Work required: Look below for the line that contains "Apartament Comfort |", and write out exactly that line and all remaining lines of the listing, omitting pictures.
==== Provided data
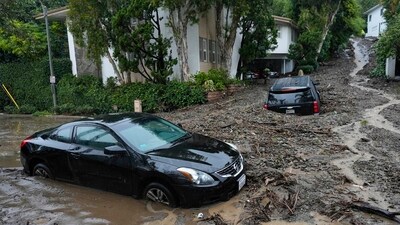 Vehicles are damaged by a mudslide in the Beverly Crest area of Los Angeles. A storm of historic proportions unleashed record levels of rain over parts of Los Angeles on Monday, endangering the city's large homeless population, sending mud and boulders down hillsides dotted with multimillion-dollar homes and knocking out power for more than a million people in California. (AP) Vehicles are damaged by a mudslide in the Beverly Crest area of Los Angeles. A storm of historic proportions unleashed record levels of rain over parts of Los Angeles on Monday, endangering the city's large homeless population, sending mud and boulders down hillsides dotted with multimillion-dollar homes and knocking out power for more than a million people in California. (AP)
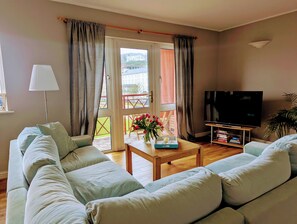 Apartament Comfort | Sala d'estar | Televisor de pantalla plana 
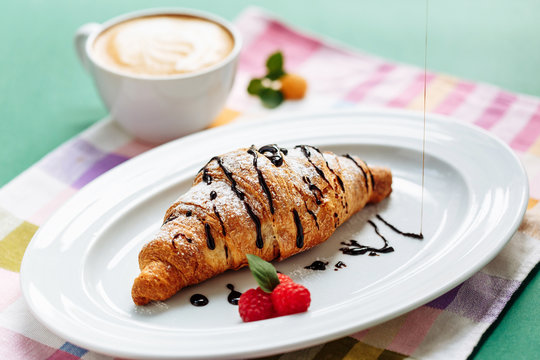 Fresh homemade croissants and cappuccino on cloth napkin decorated with raspberry and chocolate topping. Side view with copy space on green background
========
Task result:
 Apartament Comfort | Sala d'estar | Televisor de pantalla plana 
 Fresh homemade croissants and cappuccino on cloth napkin decorated with raspberry and chocolate topping. Side view with copy space on green background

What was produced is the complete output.